What needs to be done »
A faithful transcript of all the lines below, with no pictures, is the goal here.

____

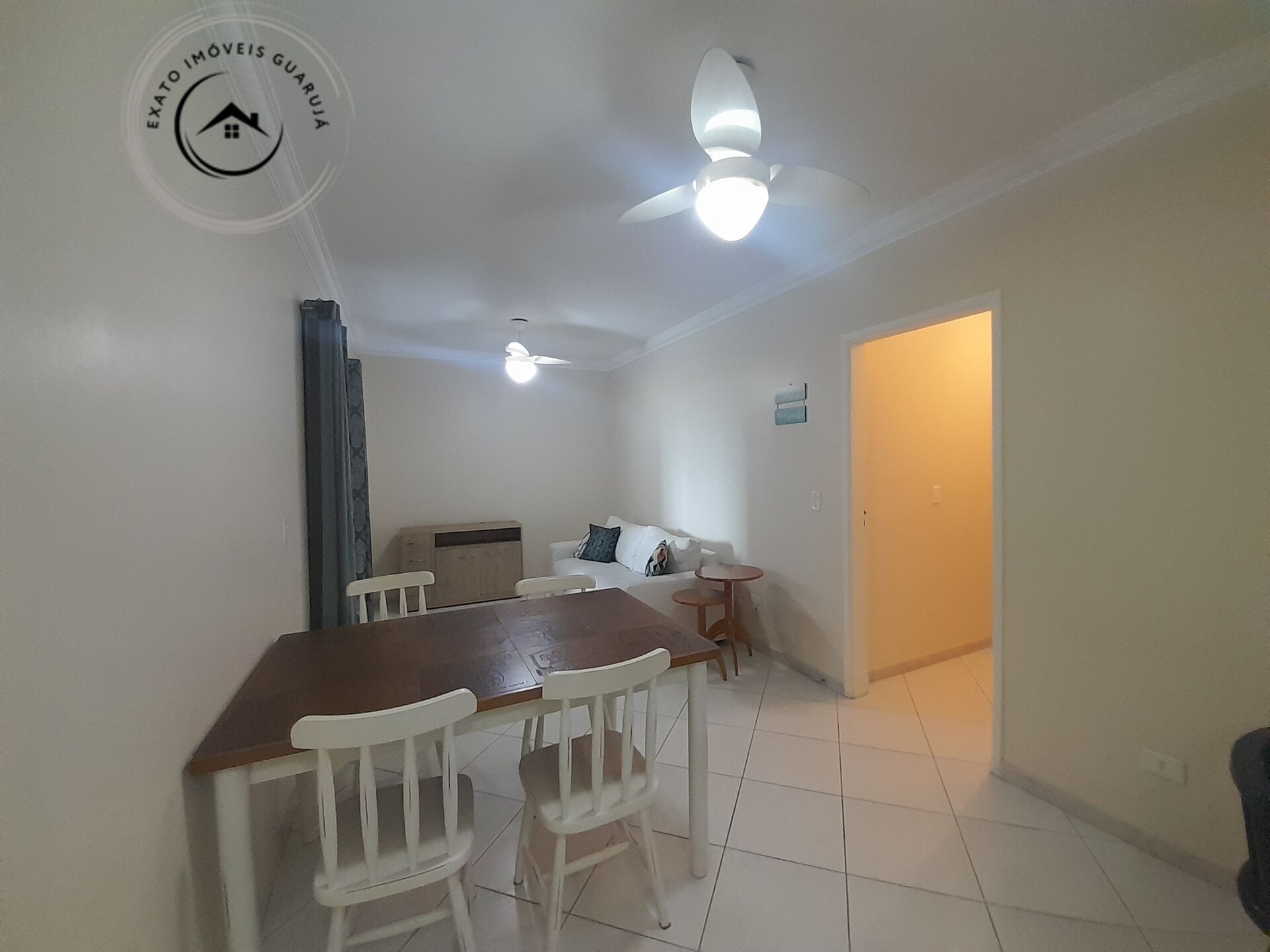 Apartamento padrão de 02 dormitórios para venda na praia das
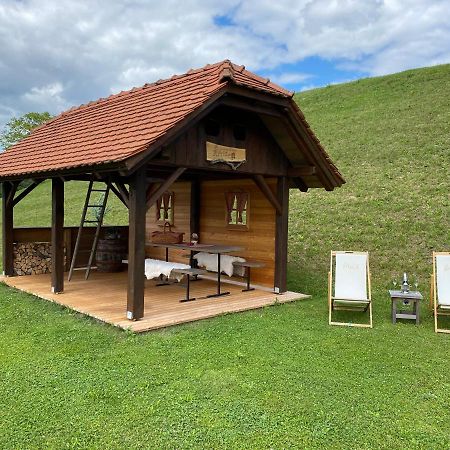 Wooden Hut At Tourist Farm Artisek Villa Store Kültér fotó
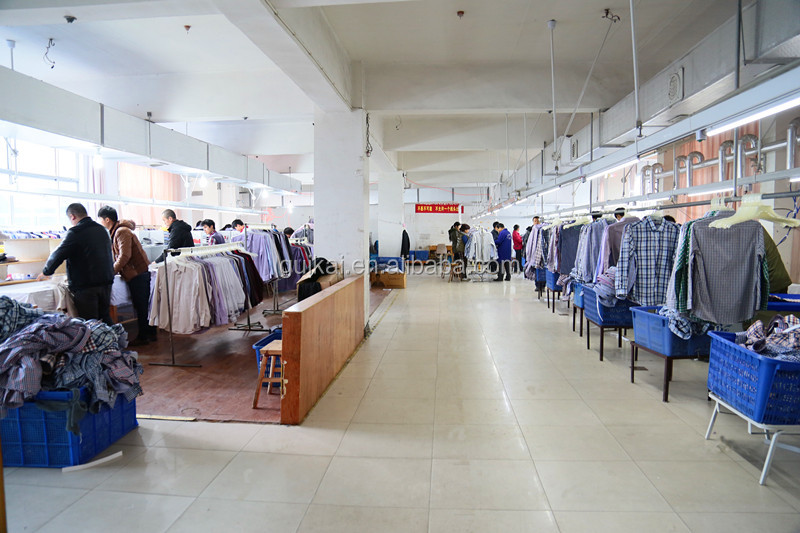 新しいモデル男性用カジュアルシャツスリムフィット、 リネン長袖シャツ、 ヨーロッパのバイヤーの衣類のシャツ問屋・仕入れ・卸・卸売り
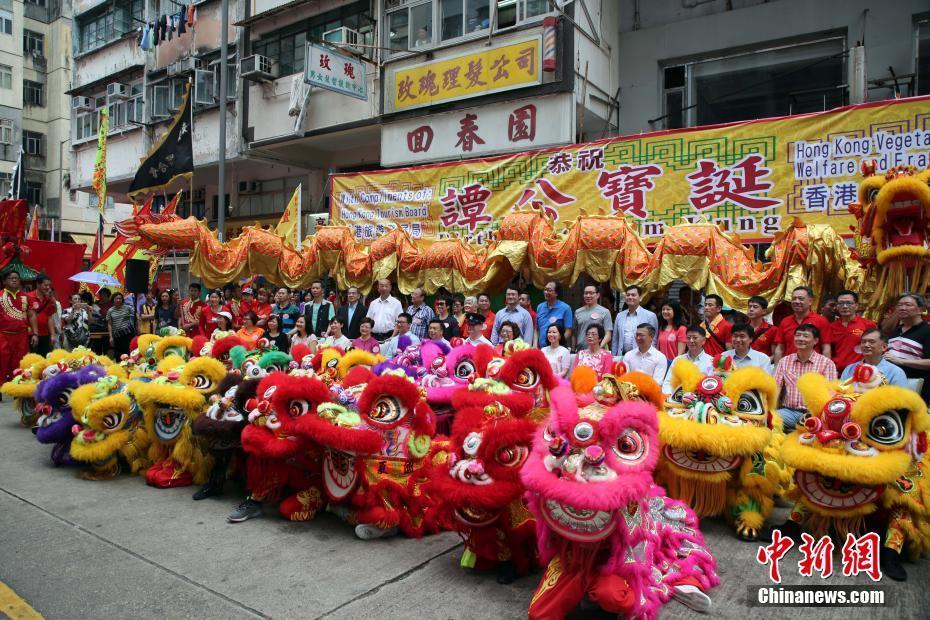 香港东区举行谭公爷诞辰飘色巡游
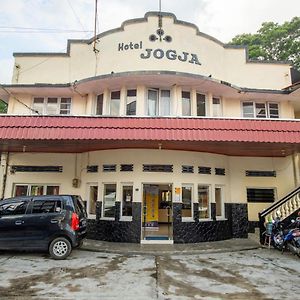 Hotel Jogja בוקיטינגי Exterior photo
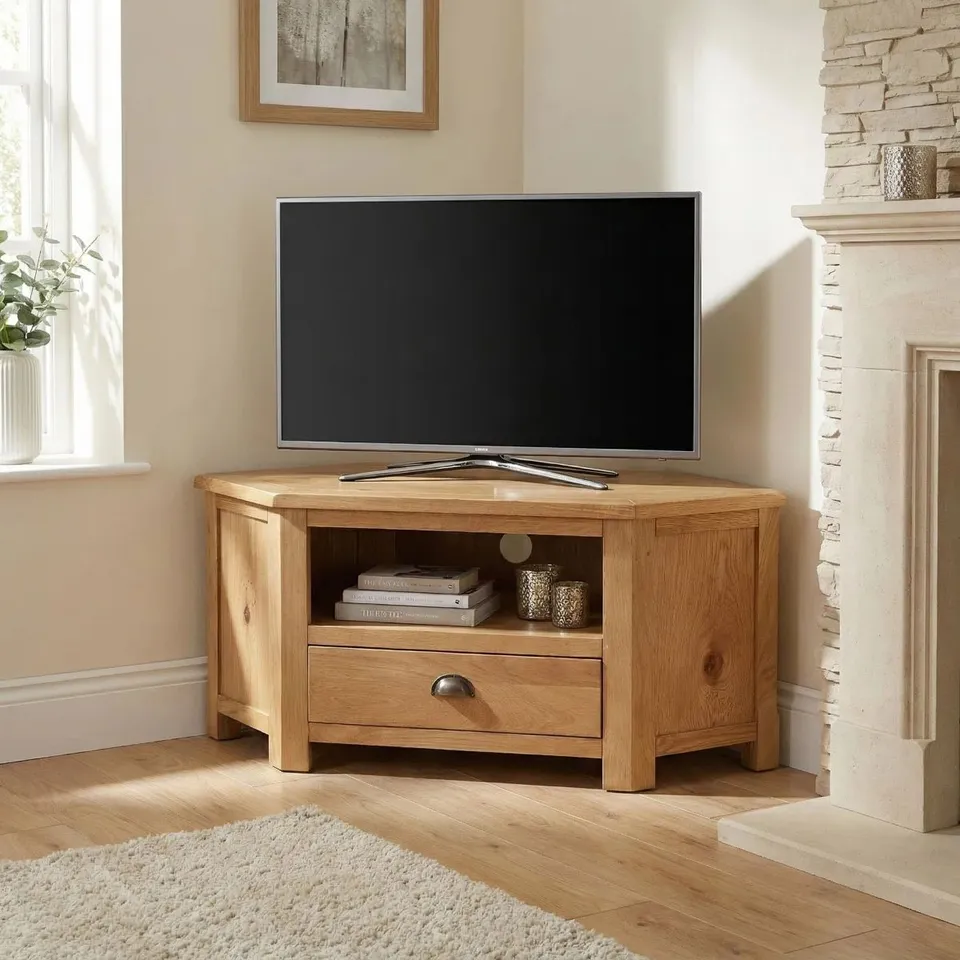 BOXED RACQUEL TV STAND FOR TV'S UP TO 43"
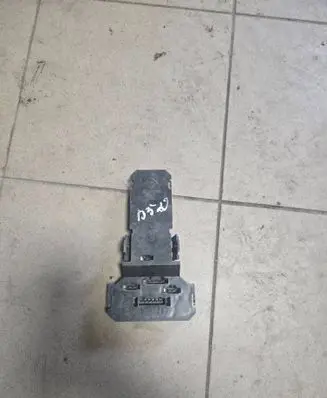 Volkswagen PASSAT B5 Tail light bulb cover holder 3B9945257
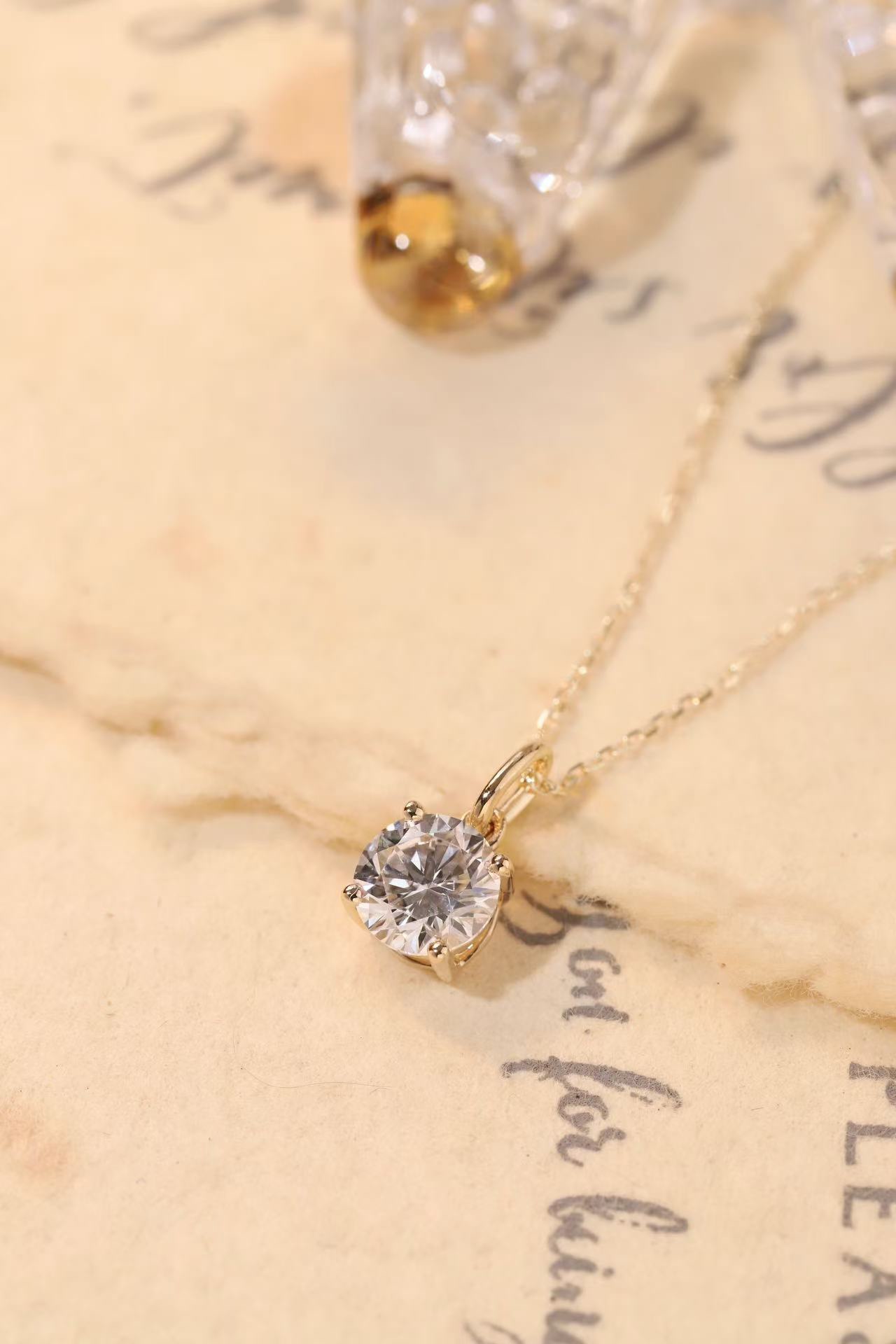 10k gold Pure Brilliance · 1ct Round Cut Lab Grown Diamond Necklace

____

Response to the task »
 Apartamento padrão de 02 dormitórios para venda na praia das
 Wooden Hut At Tourist Farm Artisek Villa Store Kültér fotó
 新しいモデル男性用カジュアルシャツスリムフィット、 リネン長袖シャツ、 ヨーロッパのバイヤーの衣類のシャツ問屋・仕入れ・卸・卸売り
 香港东区举行谭公爷诞辰飘色巡游
 Hotel Jogja בוקיטינגי Exterior photo
 BOXED RACQUEL TV STAND FOR TV'S UP TO 43"
 Volkswagen PASSAT B5 Tail light bulb cover holder 3B9945257
 10k gold Pure Brilliance · 1ct Round Cut Lab Grown Diamond Necklace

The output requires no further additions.